Listed entries Block Start

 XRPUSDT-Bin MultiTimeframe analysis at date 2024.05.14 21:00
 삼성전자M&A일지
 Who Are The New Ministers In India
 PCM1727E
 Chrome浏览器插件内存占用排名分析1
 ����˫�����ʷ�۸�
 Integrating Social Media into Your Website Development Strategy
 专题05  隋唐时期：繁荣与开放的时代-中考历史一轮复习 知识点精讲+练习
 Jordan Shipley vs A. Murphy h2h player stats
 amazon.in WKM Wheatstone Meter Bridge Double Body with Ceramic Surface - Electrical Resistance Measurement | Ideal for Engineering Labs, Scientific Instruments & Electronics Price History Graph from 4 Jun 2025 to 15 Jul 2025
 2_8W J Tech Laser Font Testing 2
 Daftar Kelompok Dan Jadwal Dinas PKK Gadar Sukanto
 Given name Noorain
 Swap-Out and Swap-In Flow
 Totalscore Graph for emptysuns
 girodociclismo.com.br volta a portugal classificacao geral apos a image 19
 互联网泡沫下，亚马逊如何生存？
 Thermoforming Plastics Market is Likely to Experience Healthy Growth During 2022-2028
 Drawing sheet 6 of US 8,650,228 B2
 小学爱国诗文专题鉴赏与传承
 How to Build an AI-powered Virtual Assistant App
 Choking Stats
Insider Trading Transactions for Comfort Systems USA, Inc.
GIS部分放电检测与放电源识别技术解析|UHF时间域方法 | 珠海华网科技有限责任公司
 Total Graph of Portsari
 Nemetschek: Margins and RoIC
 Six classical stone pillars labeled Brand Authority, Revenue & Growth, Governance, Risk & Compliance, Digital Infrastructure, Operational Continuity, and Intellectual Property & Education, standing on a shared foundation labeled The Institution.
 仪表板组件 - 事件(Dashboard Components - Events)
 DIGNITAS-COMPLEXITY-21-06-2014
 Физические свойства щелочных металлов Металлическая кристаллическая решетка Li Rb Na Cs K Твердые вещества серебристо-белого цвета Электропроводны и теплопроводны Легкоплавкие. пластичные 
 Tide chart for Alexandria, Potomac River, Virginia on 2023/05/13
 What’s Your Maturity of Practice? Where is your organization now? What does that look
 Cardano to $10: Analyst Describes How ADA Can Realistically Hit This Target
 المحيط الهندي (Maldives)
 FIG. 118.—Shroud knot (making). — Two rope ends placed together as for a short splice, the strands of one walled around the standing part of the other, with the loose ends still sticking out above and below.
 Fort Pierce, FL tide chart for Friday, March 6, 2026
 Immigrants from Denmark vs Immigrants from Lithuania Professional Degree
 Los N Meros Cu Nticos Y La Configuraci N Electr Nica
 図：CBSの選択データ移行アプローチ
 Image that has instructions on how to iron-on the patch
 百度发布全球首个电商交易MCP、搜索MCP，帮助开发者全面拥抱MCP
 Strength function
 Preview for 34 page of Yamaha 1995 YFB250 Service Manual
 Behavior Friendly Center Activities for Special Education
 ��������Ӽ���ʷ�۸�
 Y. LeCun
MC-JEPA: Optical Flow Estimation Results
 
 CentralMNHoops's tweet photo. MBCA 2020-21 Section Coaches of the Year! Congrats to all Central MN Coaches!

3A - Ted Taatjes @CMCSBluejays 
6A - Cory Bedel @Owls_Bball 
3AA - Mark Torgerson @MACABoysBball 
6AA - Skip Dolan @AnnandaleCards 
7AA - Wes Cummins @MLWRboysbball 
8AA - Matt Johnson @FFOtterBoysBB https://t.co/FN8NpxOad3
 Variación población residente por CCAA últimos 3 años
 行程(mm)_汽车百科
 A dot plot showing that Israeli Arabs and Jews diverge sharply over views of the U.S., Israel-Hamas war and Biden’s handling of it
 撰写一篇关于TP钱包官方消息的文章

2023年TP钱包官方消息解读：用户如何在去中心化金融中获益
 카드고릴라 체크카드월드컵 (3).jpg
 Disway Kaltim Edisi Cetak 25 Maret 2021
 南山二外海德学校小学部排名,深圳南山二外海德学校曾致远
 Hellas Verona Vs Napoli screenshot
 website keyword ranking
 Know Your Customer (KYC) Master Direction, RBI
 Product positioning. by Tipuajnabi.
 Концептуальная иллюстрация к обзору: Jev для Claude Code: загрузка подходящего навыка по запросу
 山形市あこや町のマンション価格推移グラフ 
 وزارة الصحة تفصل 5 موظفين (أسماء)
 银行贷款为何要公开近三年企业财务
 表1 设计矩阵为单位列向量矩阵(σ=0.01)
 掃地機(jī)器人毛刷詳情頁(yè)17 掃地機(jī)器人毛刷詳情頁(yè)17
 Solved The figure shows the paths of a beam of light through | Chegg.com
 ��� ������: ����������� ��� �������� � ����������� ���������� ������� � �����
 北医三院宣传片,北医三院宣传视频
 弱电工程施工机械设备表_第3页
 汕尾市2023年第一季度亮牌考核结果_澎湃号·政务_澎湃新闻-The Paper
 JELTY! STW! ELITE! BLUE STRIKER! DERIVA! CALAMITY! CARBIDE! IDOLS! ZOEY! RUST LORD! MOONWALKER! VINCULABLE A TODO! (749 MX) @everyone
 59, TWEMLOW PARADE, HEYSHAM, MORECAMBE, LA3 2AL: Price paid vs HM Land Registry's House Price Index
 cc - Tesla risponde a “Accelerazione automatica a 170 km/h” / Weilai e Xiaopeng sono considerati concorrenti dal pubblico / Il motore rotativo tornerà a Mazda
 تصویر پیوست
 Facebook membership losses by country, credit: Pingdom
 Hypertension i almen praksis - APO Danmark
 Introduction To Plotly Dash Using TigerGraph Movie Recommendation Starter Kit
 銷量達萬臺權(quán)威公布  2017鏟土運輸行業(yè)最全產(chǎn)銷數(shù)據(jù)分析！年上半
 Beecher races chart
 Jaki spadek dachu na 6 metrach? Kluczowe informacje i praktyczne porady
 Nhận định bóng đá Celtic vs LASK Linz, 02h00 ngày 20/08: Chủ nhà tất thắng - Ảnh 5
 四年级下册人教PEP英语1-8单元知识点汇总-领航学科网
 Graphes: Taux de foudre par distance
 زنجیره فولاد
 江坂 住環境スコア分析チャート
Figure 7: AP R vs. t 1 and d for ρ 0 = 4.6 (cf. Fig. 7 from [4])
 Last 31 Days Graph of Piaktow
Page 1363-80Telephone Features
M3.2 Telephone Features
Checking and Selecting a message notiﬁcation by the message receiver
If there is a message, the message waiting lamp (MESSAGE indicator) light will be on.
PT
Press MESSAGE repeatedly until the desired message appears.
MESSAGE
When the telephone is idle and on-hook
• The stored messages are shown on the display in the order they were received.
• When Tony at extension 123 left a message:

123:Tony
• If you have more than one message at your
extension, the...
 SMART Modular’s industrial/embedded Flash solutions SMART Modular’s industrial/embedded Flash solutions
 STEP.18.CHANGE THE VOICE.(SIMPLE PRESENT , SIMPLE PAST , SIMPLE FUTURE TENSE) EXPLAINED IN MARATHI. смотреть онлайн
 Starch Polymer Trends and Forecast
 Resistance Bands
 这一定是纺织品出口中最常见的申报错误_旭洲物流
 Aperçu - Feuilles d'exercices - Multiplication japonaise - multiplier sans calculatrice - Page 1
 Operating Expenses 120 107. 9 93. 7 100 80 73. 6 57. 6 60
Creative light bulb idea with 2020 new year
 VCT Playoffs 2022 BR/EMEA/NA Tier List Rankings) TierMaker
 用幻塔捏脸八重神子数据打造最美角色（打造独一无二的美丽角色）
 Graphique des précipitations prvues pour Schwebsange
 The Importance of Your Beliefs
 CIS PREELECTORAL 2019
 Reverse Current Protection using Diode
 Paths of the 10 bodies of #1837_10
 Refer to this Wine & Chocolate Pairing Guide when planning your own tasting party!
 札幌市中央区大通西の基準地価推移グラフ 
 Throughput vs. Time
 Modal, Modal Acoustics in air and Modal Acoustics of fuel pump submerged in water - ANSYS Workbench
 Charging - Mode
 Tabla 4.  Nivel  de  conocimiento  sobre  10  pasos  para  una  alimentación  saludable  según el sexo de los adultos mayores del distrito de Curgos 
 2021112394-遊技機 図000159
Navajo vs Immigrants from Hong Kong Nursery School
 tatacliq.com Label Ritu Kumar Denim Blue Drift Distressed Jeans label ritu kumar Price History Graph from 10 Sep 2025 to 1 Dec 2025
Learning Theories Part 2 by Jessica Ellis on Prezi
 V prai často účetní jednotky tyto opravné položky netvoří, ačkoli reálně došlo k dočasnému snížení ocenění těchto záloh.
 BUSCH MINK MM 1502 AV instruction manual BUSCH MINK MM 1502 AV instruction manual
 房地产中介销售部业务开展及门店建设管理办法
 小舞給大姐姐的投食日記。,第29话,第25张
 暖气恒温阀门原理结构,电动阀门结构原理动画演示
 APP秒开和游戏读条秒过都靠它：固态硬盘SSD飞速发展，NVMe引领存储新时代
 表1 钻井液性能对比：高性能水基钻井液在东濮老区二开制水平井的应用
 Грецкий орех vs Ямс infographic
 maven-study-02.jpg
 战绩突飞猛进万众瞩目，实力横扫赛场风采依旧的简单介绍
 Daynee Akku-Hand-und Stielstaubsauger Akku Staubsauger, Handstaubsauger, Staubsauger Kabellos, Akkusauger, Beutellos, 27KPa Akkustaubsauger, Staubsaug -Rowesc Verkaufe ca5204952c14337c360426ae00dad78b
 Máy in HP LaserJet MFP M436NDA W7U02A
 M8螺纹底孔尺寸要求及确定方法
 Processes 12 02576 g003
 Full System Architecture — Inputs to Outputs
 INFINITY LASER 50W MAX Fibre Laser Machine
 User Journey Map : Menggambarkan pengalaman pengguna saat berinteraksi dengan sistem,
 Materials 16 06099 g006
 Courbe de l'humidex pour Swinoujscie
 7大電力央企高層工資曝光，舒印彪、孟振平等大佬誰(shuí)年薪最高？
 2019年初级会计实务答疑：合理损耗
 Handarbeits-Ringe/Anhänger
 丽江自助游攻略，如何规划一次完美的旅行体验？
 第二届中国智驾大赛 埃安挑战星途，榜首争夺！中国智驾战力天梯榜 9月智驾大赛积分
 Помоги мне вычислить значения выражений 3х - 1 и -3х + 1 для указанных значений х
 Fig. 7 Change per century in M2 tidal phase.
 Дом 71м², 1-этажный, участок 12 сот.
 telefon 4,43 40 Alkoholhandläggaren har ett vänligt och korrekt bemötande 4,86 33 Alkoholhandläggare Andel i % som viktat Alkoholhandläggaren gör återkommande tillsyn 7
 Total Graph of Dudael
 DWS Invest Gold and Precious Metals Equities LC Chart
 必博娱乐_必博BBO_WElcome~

Listed entries Block End

Copy word for word the stretch of entries above from the line that has "Integrating Social Media" through the line that has "Preview for 34", both ends included, and nothing outside it.

 Integrating Social Media into Your Website Development Strategy
 专题05  隋唐时期：繁荣与开放的时代-中考历史一轮复习 知识点精讲+练习
 Jordan Shipley vs A. Murphy h2h player stats
 amazon.in WKM Wheatstone Meter Bridge Double Body with Ceramic Surface - Electrical Resistance Measurement | Ideal for Engineering Labs, Scientific Instruments & Electronics Price History Graph from 4 Jun 2025 to 15 Jul 2025
 2_8W J Tech Laser Font Testing 2
 Daftar Kelompok Dan Jadwal Dinas PKK Gadar Sukanto
 Given name Noorain
 Swap-Out and Swap-In Flow
 Totalscore Graph for emptysuns
 girodociclismo.com.br volta a portugal classificacao geral apos a image 19
 互联网泡沫下，亚马逊如何生存？
 Thermoforming Plastics Market is Likely to Experience Healthy Growth During 2022-2028
 Drawing sheet 6 of US 8,650,228 B2
 小学爱国诗文专题鉴赏与传承
 How to Build an AI-powered Virtual Assistant App
 Choking Stats
Insider Trading Transactions for Comfort Systems USA, Inc.
GIS部分放电检测与放电源识别技术解析|UHF时间域方法 | 珠海华网科技有限责任公司
 Total Graph of Portsari
 Nemetschek: Margins and RoIC
 Six classical stone pillars labeled Brand Authority, Revenue & Growth, Governance, Risk & Compliance, Digital Infrastructure, Operational Continuity, and Intellectual Property & Education, standing on a shared foundation labeled The Institution.
 仪表板组件 - 事件(Dashboard Components - Events)
 DIGNITAS-COMPLEXITY-21-06-2014
 Физические свойства щелочных металлов Металлическая кристаллическая решетка Li Rb Na Cs K Твердые вещества серебристо-белого цвета Электропроводны и теплопроводны Легкоплавкие. пластичные 
 Tide chart for Alexandria, Potomac River, Virginia on 2023/05/13
 What’s Your Maturity of Practice? Where is your organization now? What does that look
 Cardano to $10: Analyst Describes How ADA Can Realistically Hit This Target
 المحيط الهندي (Maldives)
 FIG. 118.—Shroud knot (making). — Two rope ends placed together as for a short splice, the strands of one walled around the standing part of the other, with the loose ends still sticking out above and below.
 Fort Pierce, FL tide chart for Friday, March 6, 2026
 Immigrants from Denmark vs Immigrants from Lithuania Professional Degree
 Los N Meros Cu Nticos Y La Configuraci N Electr Nica
 図：CBSの選択データ移行アプローチ
 Image that has instructions on how to iron-on the patch
 百度发布全球首个电商交易MCP、搜索MCP，帮助开发者全面拥抱MCP
 Strength function
 Preview for 34 page of Yamaha 1995 YFB250 Service Manual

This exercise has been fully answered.